Cosa pensa del decreto legge approvato mercoledì dalla Camera con 153 sì?

«Contiene misure condivisibili ma che non centrano a pieno l’obiettivo della necessità e dell’urgenza: ossia ridurre il numero delle presenze in carcere, facilitando innanzitutto l’uscita delle persone che hanno condanne minori o hanno scontato quasi tutta la loro pena. Questa scelta non si è voluta fare perché si è detto “no” agli indulti mascherati, ma io penso che i provvedimenti di clemenza - tra l’altro previsti dalla Costituzione - se servono vanno adottati senza neanche mascherarli. Non si è voluto adottare nemmeno una misura necessaria prevista dalla famosa proposta di Roberto Giachetti: la liberazione anticipata speciale, che aumenta lo sconto di pena per chi si comporta bene in carcere e quindi facilita l’uscita di chi è a fine pena. Da questo punto di vista per me il decreto è insufficiente, e credo sia questa la ragione dell’improvviso vertice a palazzo Chigi di ieri (mercoledì, ndr), in cui noi garanti siamo stati convocati dal ministro Nordio. Un vertice che andava fatto prima dell’approvazione del decreto e che credo sia la conseguenza del richiamo del Presidente della Repubblica di qualche settimana fa. Il governo forse ha preso coscienza che deve fare qualcos’altro, che questo Dl non basta. Spero il vertice preluda a iniziative ancora più efficaci».

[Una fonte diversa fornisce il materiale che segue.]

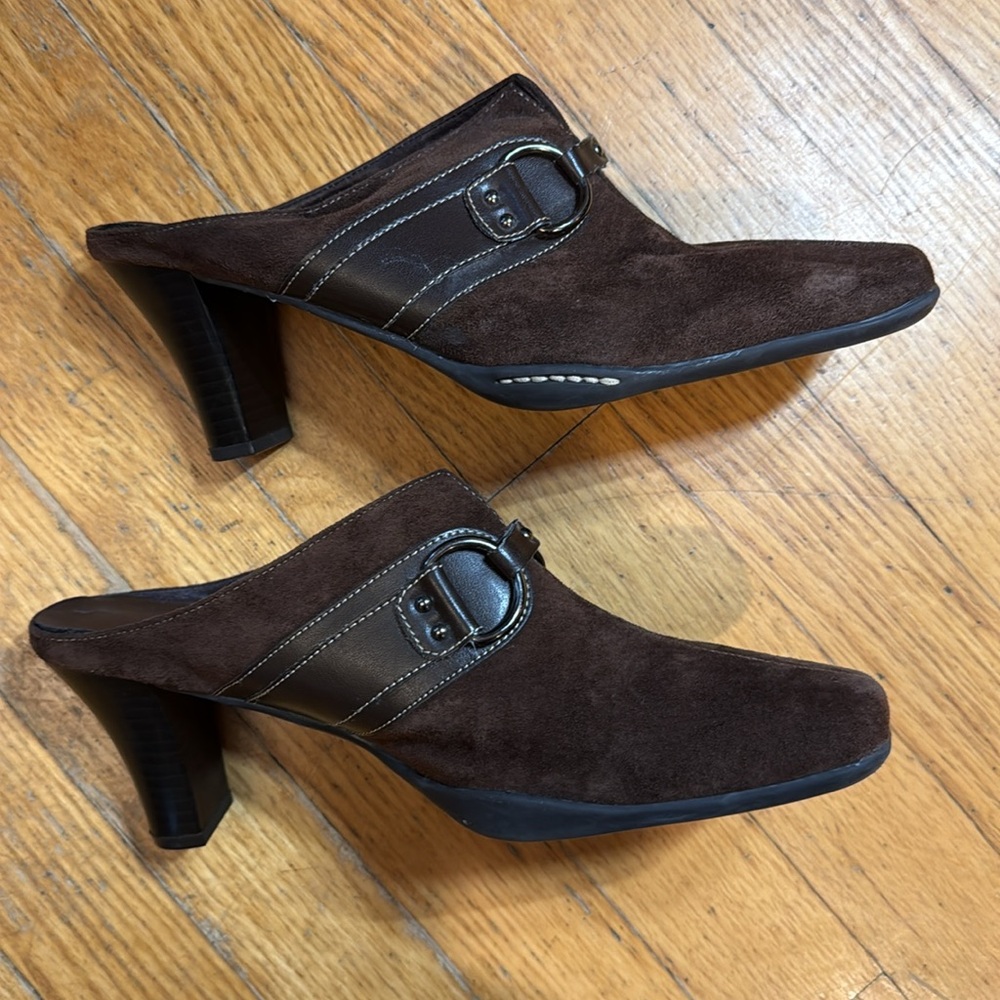 🌼AEROSOLES - BROWN SUEDE SLIP-ON - 3 INCH HEELS🌼 - Picture 4 of 11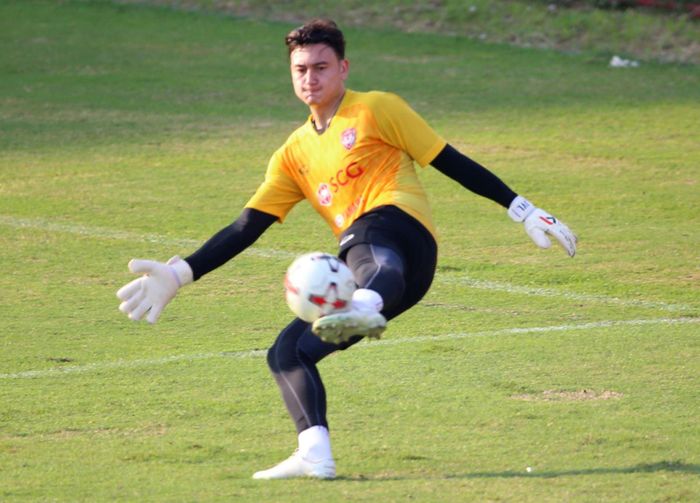 Văn Lâm cùng Muangthong United hối hả chuẩn bị cho Thai League 2020.Ảnh: Kitti Tupmalai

Quali sono gli effetti immediati che produrrà il decreto?

«Al momento l’unico effetto immediato è la facoltà concessa ai direttori degli istituti penitenziari di riconoscere ai detenuti un maggior numero di telefonate con i propri familiari. L’attuale regolamento concede infatti 10 minuti alla settimana, una modalità di comunicazione che ricorda il tempo delle cabine telefoniche e dei gettoni. Poi ci sono altre previsioni i cui effetti, però, si misureranno nel tempo. È prevista l’entrata in organico di un contingente di personale di polizia penitenziaria. Ma questi mille agenti di cui si parla nel decreto saranno assunti tra il 2025 e il 2026. Poi c’è l’albo delle comunità e delle strutture residenziali idonee ad accogliere persone che potrebbero godere di misure alternative al carcere ma non hanno un domicilio. Si è deciso di istituire questo albo presso il dicastero della Giustizia, ma deve essere ancora disciplinato da un decreto ministeriale. Prima di un anno non si porterà a termine. Tra l’altro le risorse stanziate per l’inserimento in queste strutture sono modeste rispetto alle necessità e coinvolgeranno solo 206 persone, un numero residuale.

Qual è la stima del sovraffollamento nelle carceri?

«Noi oggi abbiamo 61.500 reclusi a fronte di una capienza effettiva di 47mila posti; quindi abbiamo 14.500 detenuti in più di quanto gli istituti penitenziari possano ospitare e una carenza di decine di migliaia di agenti. Se noi avessimo un provvedimento di amnistia-indulto anche solo di due anni, quindi per le pene o i residui di pene inferiori ai due anni, non avremmo più il sovraffollamento e sarebbe molto più facile riorganizzare il sistema penitenziario. Un provvedimento di amnistia-indulto richiede però un’assunzione comune di responsabilità di maggioranza e opposizione, per ottenere il quorum previsto dalla Costituzione. Nel 2006 l’allora premier Romano Prodi e l’allora leader dell’opposizione Silvio Berlusconi acconsentirono a che ci fosse un indulto votato dall’una e dall’altra parte».

Quanto pesa il sovraffollamento sull’escalation di suicidi?

«In queste condizioni le fragilità passano inosservate. Se gli operatori sono adeguati rispetto al numero dei detenuti, si riesce a intervenire in tempo. Senza contare che il sovraffollamento crea condizioni di vita inumane: a Cassino ho trovato 7 persone chiuse nella stessa cella. Siamo già a 62 suicidi dall’inizio del 2024, un numero che in passato si raggiungeva alla fine dell’anno».